No nível profissional, a preparação teórica realmente funciona; você deve seguir os passos pré-definidos em caso de emergência. Isso faz com que você trabalhe automaticamente e comece a tomar decisões imediatamente com as informações que possui. Você sabe o que pedir na farmácia, o que precisa para doenças vetoriais. É preciso colocar os procedimentos em prática.

No nível operacional, aprendi a importância da colaboração entre entidades estaduais e organizações como MSF, para que possam coordenar e evitar a duplicação de funções ou a negligência de prioridades. Em um nível pessoal, eu realmente valorizo a maneira como os membros da comunidade ajudam uns aos outros. A frase que se repetia entre os afetados era: “só o povo salva o povo”, e eles continuavam com esse espírito, ajudando uns aos outros. Um vizinho cozinhava para todos e outro recebia cobertores de outro município.
Como foi a experiência de prestar cuidados a uma caravana de migrantes?

A primeira lição que aprendi é que todo o processo de migração é muito mais complexo do que apenas a caravana. A caravana é uma das formas que os hondurenhos encontraram para sair do país. A experiência foi intensa. A organização da caravana é improvisada, as informações fornecidas não são verificadas e nada é totalmente preciso ou confirmado. Estamos falando de um número muito grande de pessoas, que influencia tudo, inclusive as equipes de resposta, segurança e alocação de recursos. É preciso se adaptar. Planejar a prestação de cuidados de saúde para 60 pessoas não é o mesmo que planejar para 6 mil. Mas não se tem essa informação até a partida da caravana.
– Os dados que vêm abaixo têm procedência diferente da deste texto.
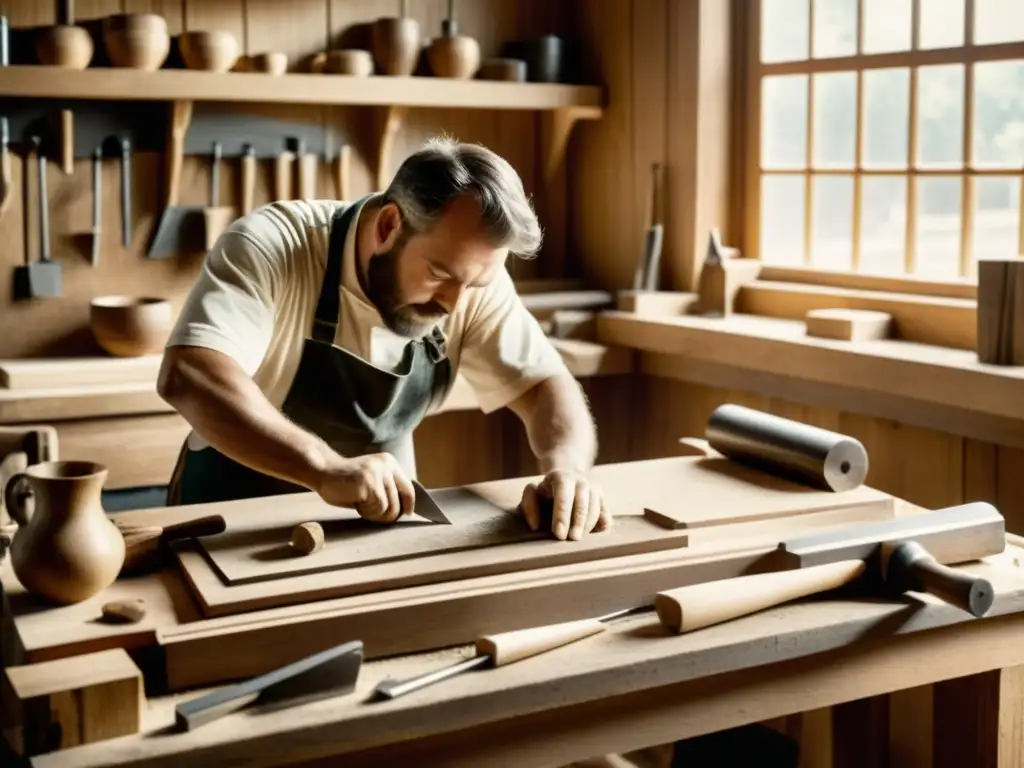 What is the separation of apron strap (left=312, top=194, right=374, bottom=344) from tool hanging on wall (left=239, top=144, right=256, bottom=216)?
1.30 m

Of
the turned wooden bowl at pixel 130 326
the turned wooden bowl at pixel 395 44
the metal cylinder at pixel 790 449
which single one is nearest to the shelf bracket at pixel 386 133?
the turned wooden bowl at pixel 395 44

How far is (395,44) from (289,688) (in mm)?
2658

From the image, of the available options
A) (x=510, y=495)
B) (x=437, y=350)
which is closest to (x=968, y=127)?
(x=437, y=350)

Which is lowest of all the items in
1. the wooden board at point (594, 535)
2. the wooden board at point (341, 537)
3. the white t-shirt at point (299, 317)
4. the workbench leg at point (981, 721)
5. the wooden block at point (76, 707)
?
the workbench leg at point (981, 721)

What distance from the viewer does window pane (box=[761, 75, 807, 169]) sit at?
361 centimetres

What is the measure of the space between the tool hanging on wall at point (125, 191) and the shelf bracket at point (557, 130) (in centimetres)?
131

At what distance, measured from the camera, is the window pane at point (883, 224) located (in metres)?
3.30

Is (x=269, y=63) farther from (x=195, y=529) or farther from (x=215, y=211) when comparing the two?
(x=195, y=529)

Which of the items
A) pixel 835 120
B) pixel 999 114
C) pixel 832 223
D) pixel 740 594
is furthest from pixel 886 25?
pixel 740 594

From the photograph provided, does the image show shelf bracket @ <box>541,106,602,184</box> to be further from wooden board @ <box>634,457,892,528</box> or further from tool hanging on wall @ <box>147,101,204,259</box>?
wooden board @ <box>634,457,892,528</box>

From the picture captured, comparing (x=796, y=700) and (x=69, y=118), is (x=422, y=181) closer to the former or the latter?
(x=796, y=700)

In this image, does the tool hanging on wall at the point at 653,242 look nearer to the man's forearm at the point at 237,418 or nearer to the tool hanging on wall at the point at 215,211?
the tool hanging on wall at the point at 215,211

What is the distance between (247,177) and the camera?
12.2 feet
Cuidar de uma pessoa no início de sua jornada é muito diferente de cuidar de uma pessoa no final, quando já existe uma necessidade médica ou psicológica evidente. O cuidado com os migrantes desde sua origem é preventivo. O importante é prepará-los para o que vai acontecer na rota de migração; dar a eles as ferramentas e recursos para lidar com isso. Disponibilizamos sais de reidratação, meias e sabonete para manter a sua condição física. Fornecemos ferramentas de autocuidado, bem como proteção emocional, para ajudá-los a lidar com o que enfrentarão na viagem.

Como os migrantes que deixam Honduras por motivos de violência física ou sexual estão preparados?

Sabemos que uma das razões pelas quais essas pessoas decidem migrar é porque sofreram ameaças, extorsões e violência física e emocional. A violência em Honduras é crônica e assimilada como uma condição normal; é endêmica.

Cada pessoa reage de maneira diferente quando foge de uma situação de violência e decide migrar. Algumas pessoas sentem muito medo, pânico e incerteza. Outras conseguiram sair de situações de violência e sentem que esta é uma rota de fuga, uma boa saída. Elas enxergam de uma forma muito diferente, com entusiasmo e otimismo desde o momento em que começam a planejá-lo. Alguns decidem no mesmo dia, com o que têm disponível e sem informação.

As consequências do furacão e da crise migratória exigem atenção técnica específica das equipes de MSF. Este intercâmbio, o conhecimento do contexto, as experiências acumuladas, as lições aprendidas e a sistematização do processo permitiram que MSF identificasse os grupos mais vulneráveis em oito municípios onde serão oferecidos cuidados de saúde em 2021.